Kawasaki, Japan

Harufumi Miwa


Average Co-Inventor Count = 4.2

ph-index = 6

Forward Citations = 117(Granted Patents)


Location History:

  • Tokyo, JP (1989)
  • Kawasaki, JP (1990 - 2005)

Company Filing History:


Years Active: 1989-2005

Loading Chart...
12 patents (USPTO):Explore Patents

Title: Harufumi Miwa: Innovator in Fermentation Technology

Introduction

Harufumi Miwa is a prominent inventor based in Kawasaki, Japan. He has made significant contributions to the field of fermentation technology, particularly in the production of amino acids. With a total of 12 patents to his name, Miwa's work has had a substantial impact on industrial biotechnology.

Latest Patents

Miwa's latest patents include a method for producing L-glutamic acid by fermentation. This innovative process involves culturing a coryneform bacterium with enhanced intracellular pyruvate carboxylase activity. The bacterium is cultivated in a medium that allows for the production and accumulation of L-glutamic acid, which is then collected from the culture. Another notable patent is the process for the production of lysine by fermentation. This method focuses on controlling carbon source concentration during aerobic cultivation of microorganisms. By monitoring pH or dissolved oxygen content, the process improves productivity and yields of L-lysine.

Career Highlights

Miwa is associated with Ajinomoto Co., Ltd., a leading company in the food and biotechnology sectors. His work at Ajinomoto has allowed him to develop and refine fermentation processes that are crucial for the production of essential amino acids.

Collaborations

Miwa has collaborated with notable colleagues such as Minoru Tsuruta and Koji Tamura.

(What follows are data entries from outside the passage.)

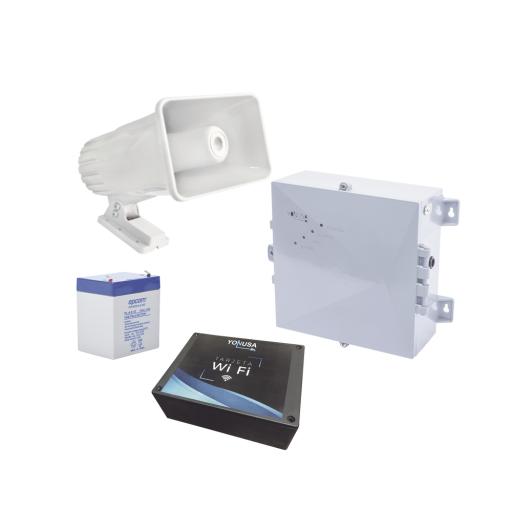 [YONUSA_YPROKIT-WIFI] Yonusa Cerco Eléctrico INTELIGENTE WIFI para PROTECCIÓN EN CASAS, NEGOCIOS, BODEGAS,ETC. Aplicación Celular Gratuita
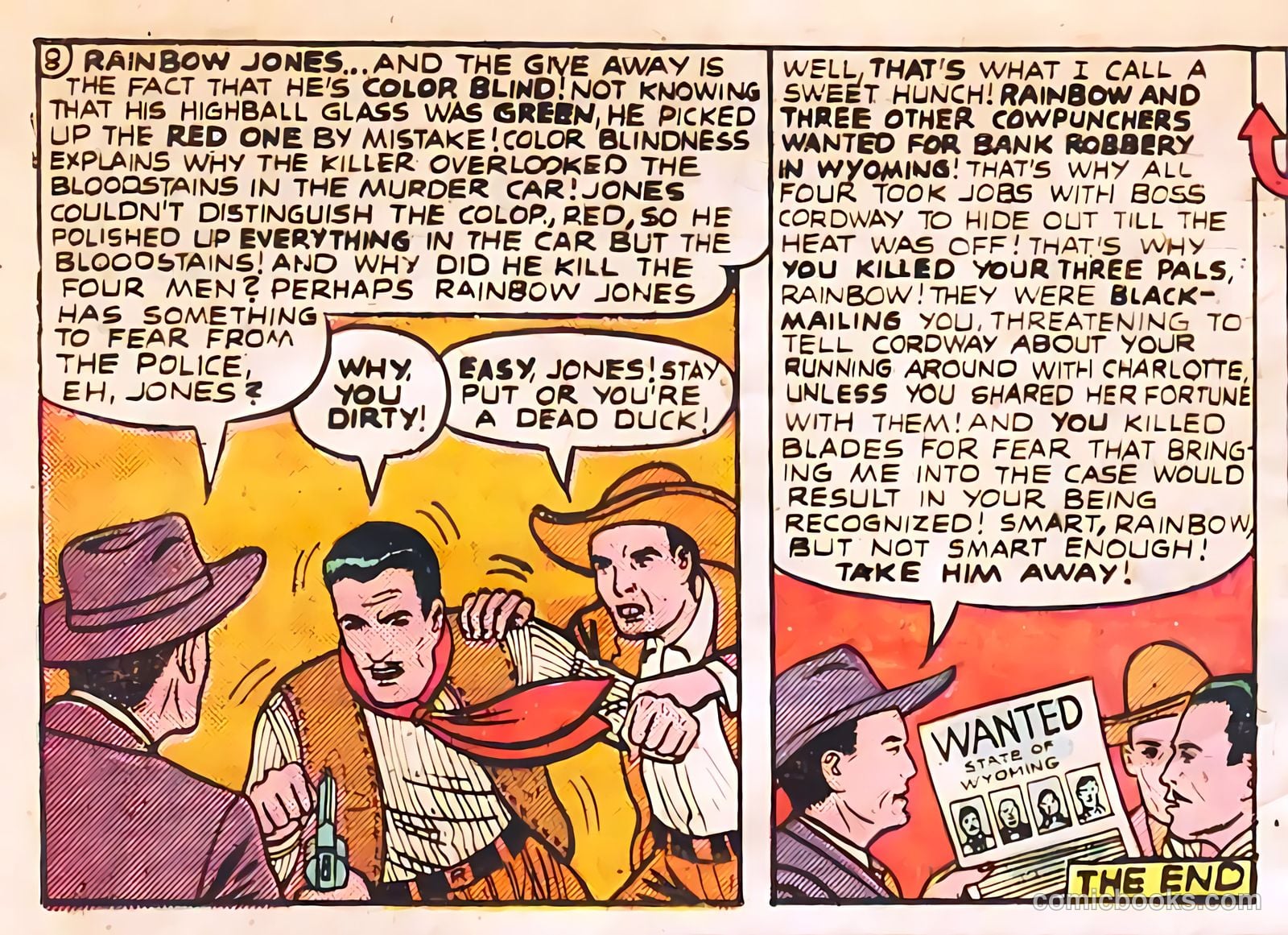 Desperado #7 (1949) — page 49 of 52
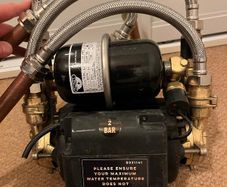 Shower pump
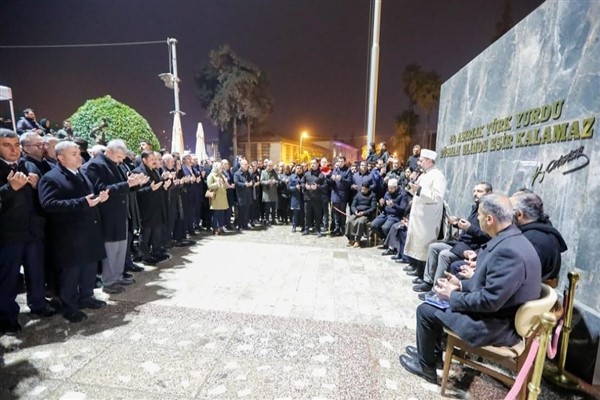 Hatay’da 6 Şubat depremlerinin 2’nci yıl dönümü anıldı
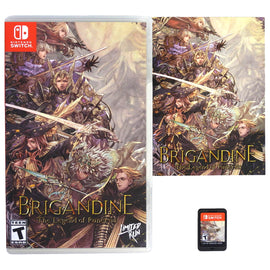 Brigandine: The Legend of Runersia [Limited Run Games] (Nintendo Switch)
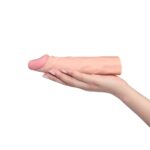 Pleasure X-Tender Penis Sleeve Flesh 1 - Image 2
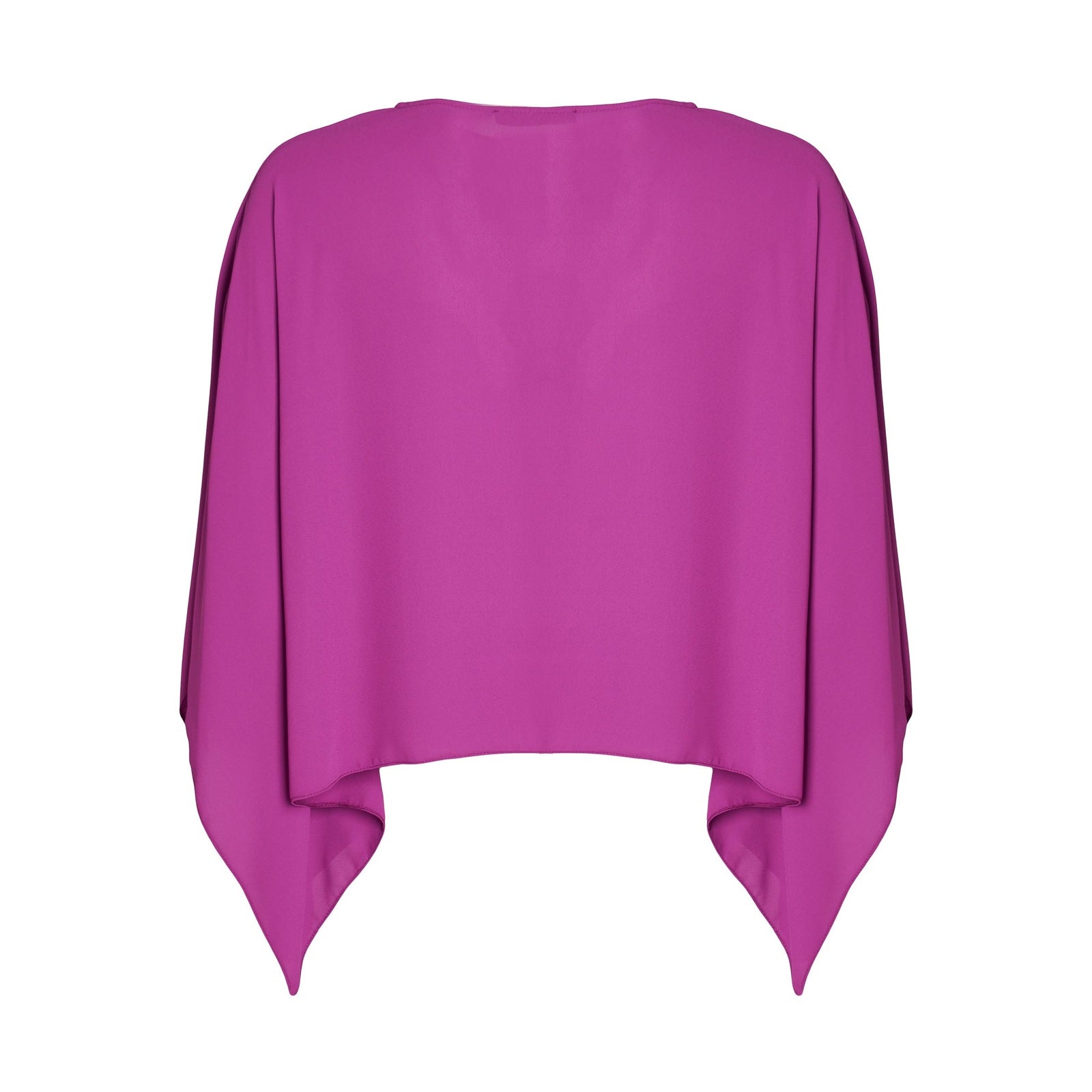 Elinette ELSophie Tørklæder 7255 Dark fuchsia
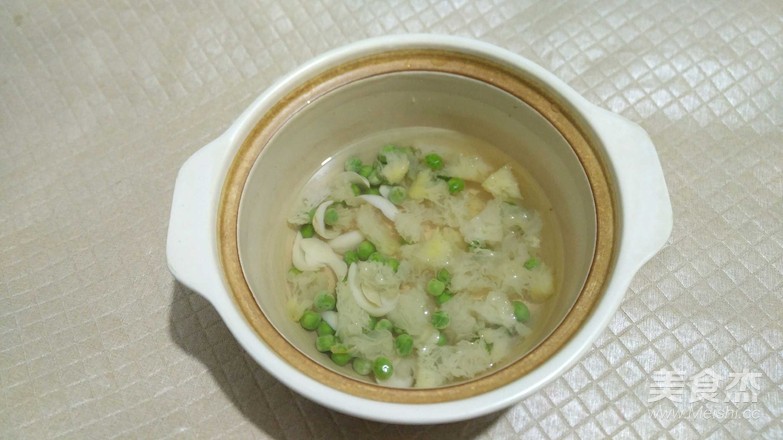 翡翠银耳羹的做法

Their combined expertise has contributed to advancements in fermentation technology and the development of innovative production methods.

Conclusion

Harufumi Miwa's contributions to fermentation technology have established him as a key figure in the field. His innovative patents and collaborations continue to influence the production of vital amino acids in the biotechnology industry.

This text is generated by artificial intelligence and may not be accurate.